# ipod won't leave disk mode -- please help



## eonxl (Mar 11, 2006)

i found an earlier post on a similiar issue a couple days ago, but now i can't find it again.  on that thread they hadn't found a solution, but i'm hoping this time around someone might.

it started a few days ago.  whenever i plugged my ipod into my mac it tells me that there was an update that needed to be installed.  i would try to install it, but the next time i plugged it in it would tell me the same thing.  

then suddenly it changed to disk mode whenever i plugged it in, with a message of "ok to disconnect".  but although it was in disk mode it wouldn't show up as a drive in the finder.  it would charge but not appear as a drive.

if it isn't plugged in, it just blinks the folder with the question mark.

i've tried resetting it, but it doesn't help.  i would restore factory settings, but since my computer won't even recognize it, then i can't use the ipod updater to restore the settings.
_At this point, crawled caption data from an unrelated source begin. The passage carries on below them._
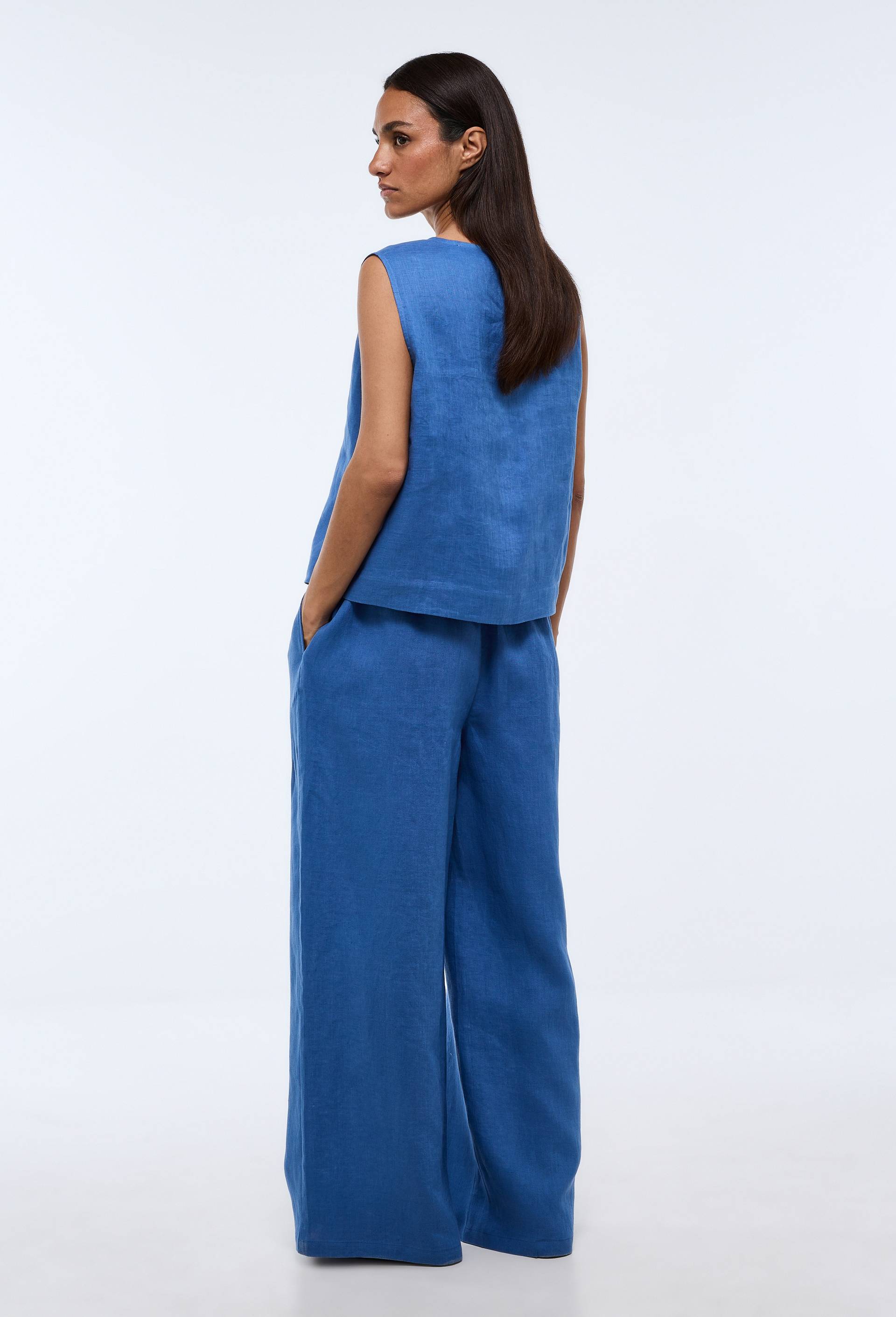 Pantalon en lin avec cordon &agrave; la taille, Bleu, large image number 1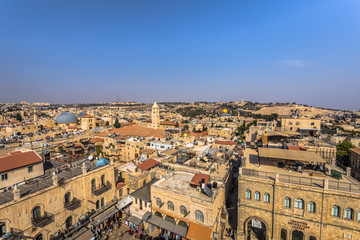 Naklejka premium Jerusalem - October 03, 2018: Panorama of the old City of Jerusalem, Israel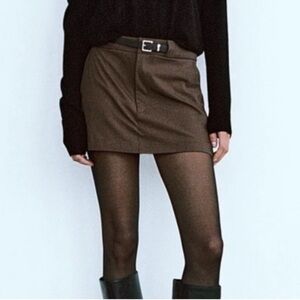 ZARA NWT Brown Mini Skort with Black Belt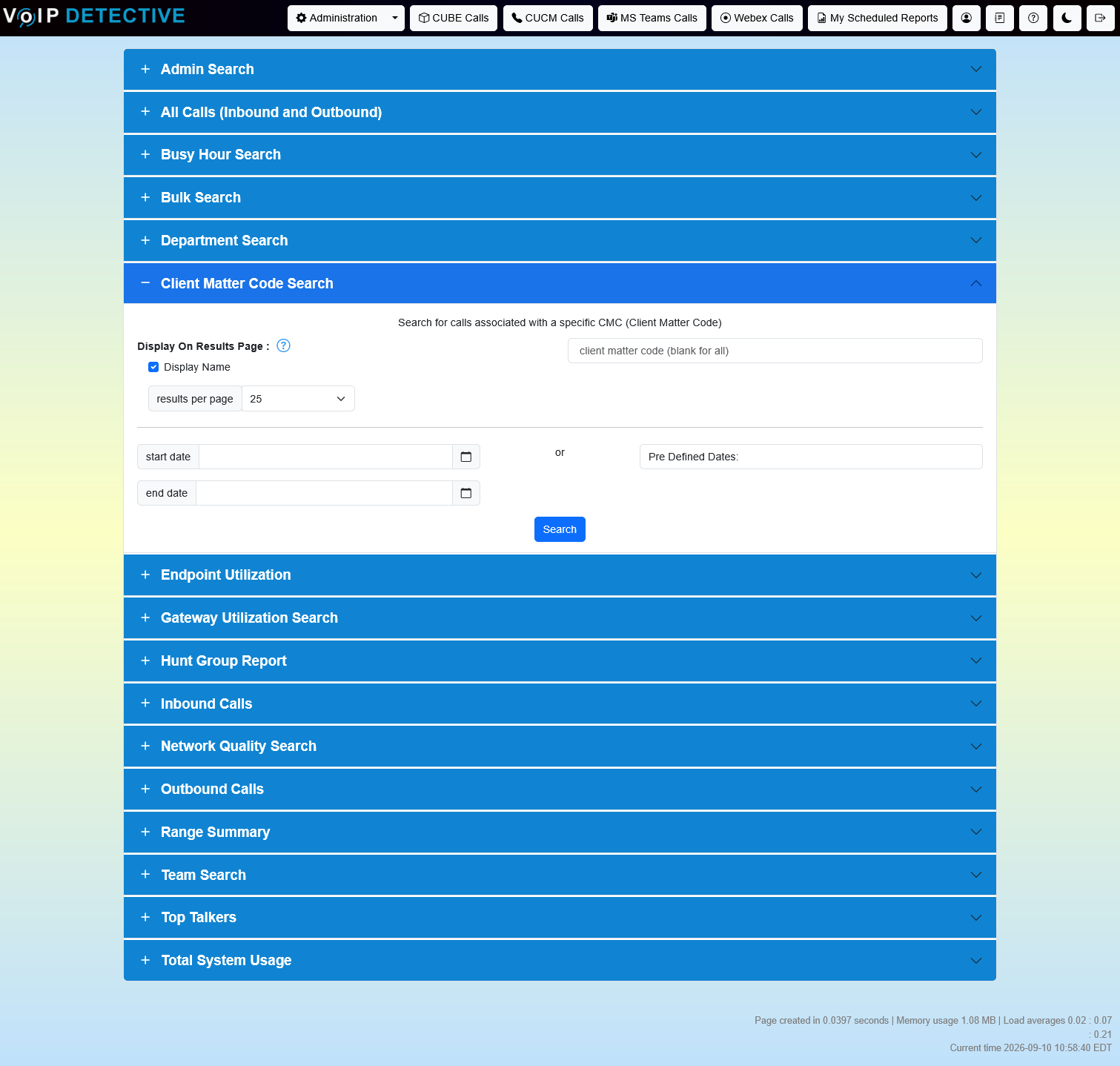 CUCM Client Matter Code Report - search interface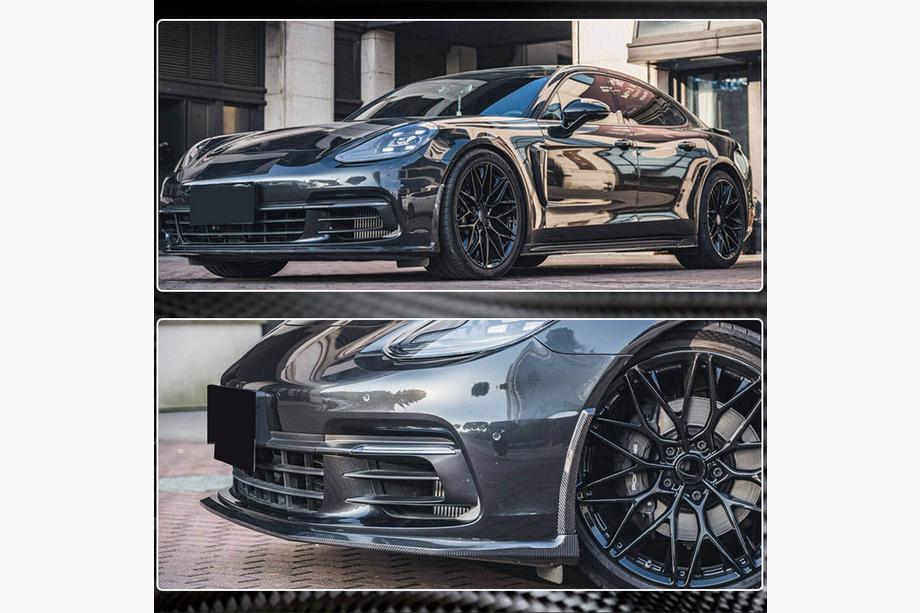 Porsche Panamera 2016-2023 Nakładka na Przedni Zderzak Lip (2016-2020, Carbon) Zdjęcia 5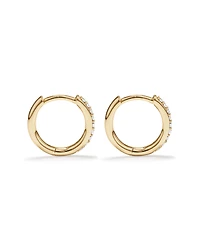 Round Brilliant Diamond Huggie Hoop Earrings in 10kt Yellow Gold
anyone else experience this problem?  is there any way i can save my ipod?  please help!

Thanks!

--e


----------



## Hidden Gekko (Mar 11, 2006)

I think you're talking about mine (it was about restoring one by itself). I hope you get an answer, else I guess the only thing to do would have Apple repair it.


----------



## northmendo.com (Mar 11, 2006)

try hooking it up to a different computer and reformating the ipod as mac os extended drive mac sure itunes is off when you do this. then take it back to your computer and plug in the ipod and start itunes. 

Hope this helps let me know.


----------